Не забуду, как Пригов в одном интервью на вопрос о его отношении к Бродскому сказал нечто вроде: «Ну разве могу я его не любить? Ведь это же мой персонаж». И глаза за темными стеклами загорелись от переживания. Это он малость самонадеянно: погорячился, бывает. Распахнул перед доктором глубину подсознания. Да и что бы он делал, когда бы действительно подрубил сук, на котором сидел? Бродский и совокупный (подчеркиваю — совокупный) разум концептуализма образовали в те баснословные времена дивную манихейскую пару — гибкую ось, вокруг коей вращалось русское слово поэзии. Власть тем не менее, словно волшебный жезл, принадлежала Бродскому, такие поэты в аренду ее не сдают (на сей счет — чуть позже).

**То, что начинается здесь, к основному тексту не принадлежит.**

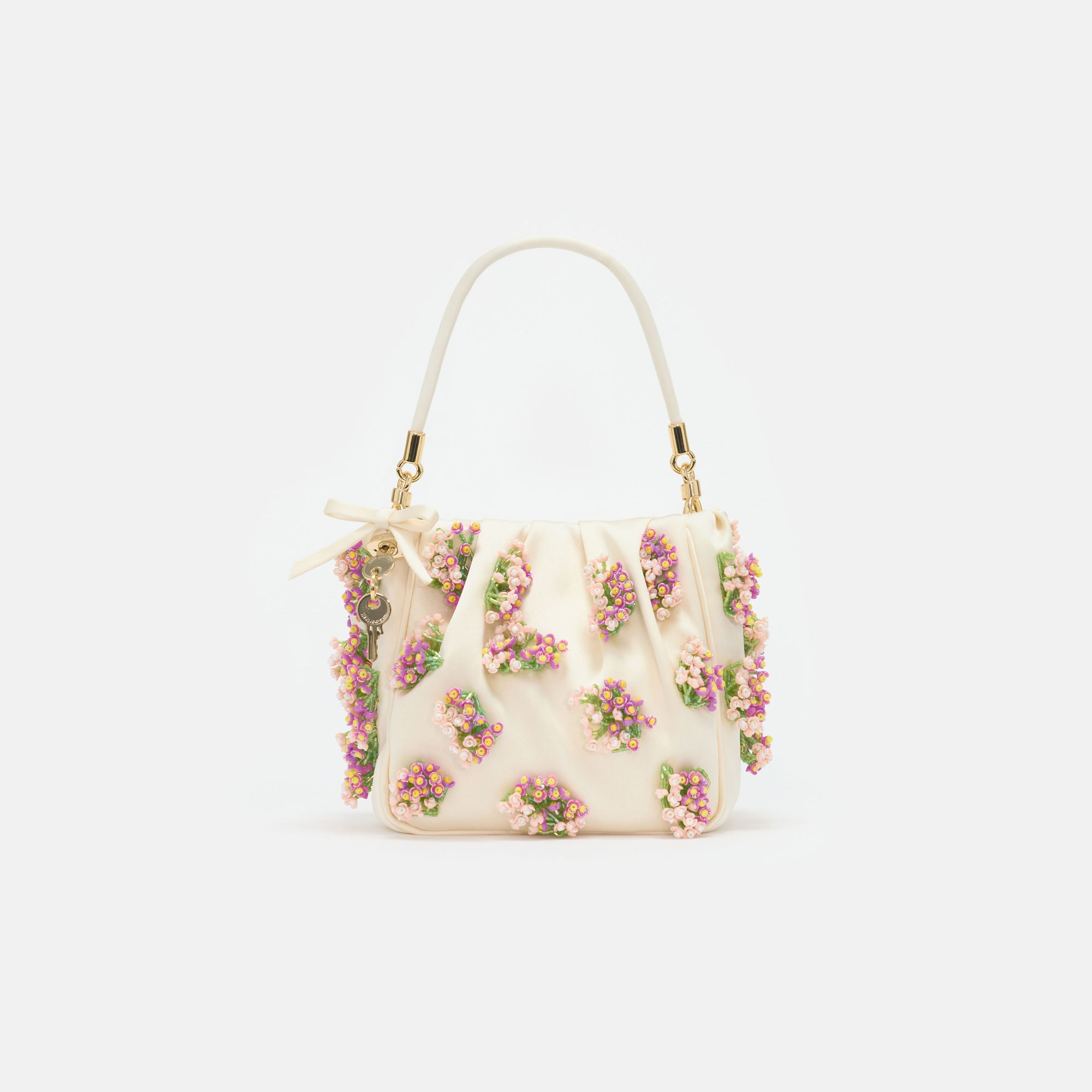 Cream Satin Floral Beaded Tote Bag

Но они были необходимы друг другу, как два садомазохистских любовника. Бродский, кривя тонкие губы, между прочим, тоже испытывал надобность в оппоненте (впрочем, меньшую, чем противник — в нем). Иначе бы он не сочинил свое «Шествие» — стремление доказать, что умеет не хуже, но лучше: языком неприятеля, в их проклятой манере. Манера, конечно же, выдалась персональной, а не персонажной, как требовалось по условиям жанра. Каждый остался при собственном ненавидящем интересе к Другому, общаясь через Атлантику с вражеской Атлантидой. И если бы сердце его опустилось на дно лет 10–12 назад, «концепт» впервые закричал бы от ужаса, как профессиональный рыдалец, которому предложили оплакать себя самого.

Вместо этого концептуализм тихо истлел в натуральном режиме — на рубеже девяностых. Чуть позже, чем Бродский. Которого личная смерть свершилась на кладбище русской литературы: в ней сейчас нет ни больших направлений, ни стилей, ни школ, а усилия одиночек глохнут в трясине безвременья.

Зато он царственно выбрал себе место упокоения: Венеция, где все концы ушли в воду, зерцало вечных отражений — она и есть поэзия или, по-другому, смерть, которых частный, русский случай — Петербург, растворенный в европейском влажном смысле («над замерзшей Невой, словно берегом Леты», это чужие стихи, но тот же образ — загробный, смертный, с иного берега). Помимо универсальных летейских значений Венеция вобрала в себя три конкретные дорогие могилы: Дягилева, Стравинского и кремированного Эзры Паунда, чей прах был развеян в канале, — модернистских неоклассиков, с которыми он столь очевидно и сущностно породнен (с музыкой, с поэзией все ясно, но вспомним и балетные его пристрастия, сквозившие и в личных отношениях с танцевальными людьми).

Про Паунда он высказался с вдохновенной злобой в неврастеничной, яркой прозе «Набережная Неисцелимых» — рядом с южным зимним холодом и нездоровьем как предчувствием кончины. О посторонних так не пишут, лишь о друзьях и о врагах, но граница здесь условна, как между землями империи. Вызовом Венеции, процитировал он Хэззлита, был бы город, устроенный в воздухе, однако хватит и воды — она равна времени и снабжает красоту ее двойником, мы служим красоте на тот же манер, и, полируя воду, город улучшает внешность времени, делая прекрасней будущее, ибо город покоится, а мы движемся, и слеза тому доказательство, потому что мы уходим, а красота остается, и мы направляемся в будущее, тогда как красота есть настоящее, но слезы — попытка задержаться, слиться с городом, и любовь, конечно, превосходит любящего, и прочее, и прочее — мне надоело раскавычивать эту локальную метонимическую бесконечность.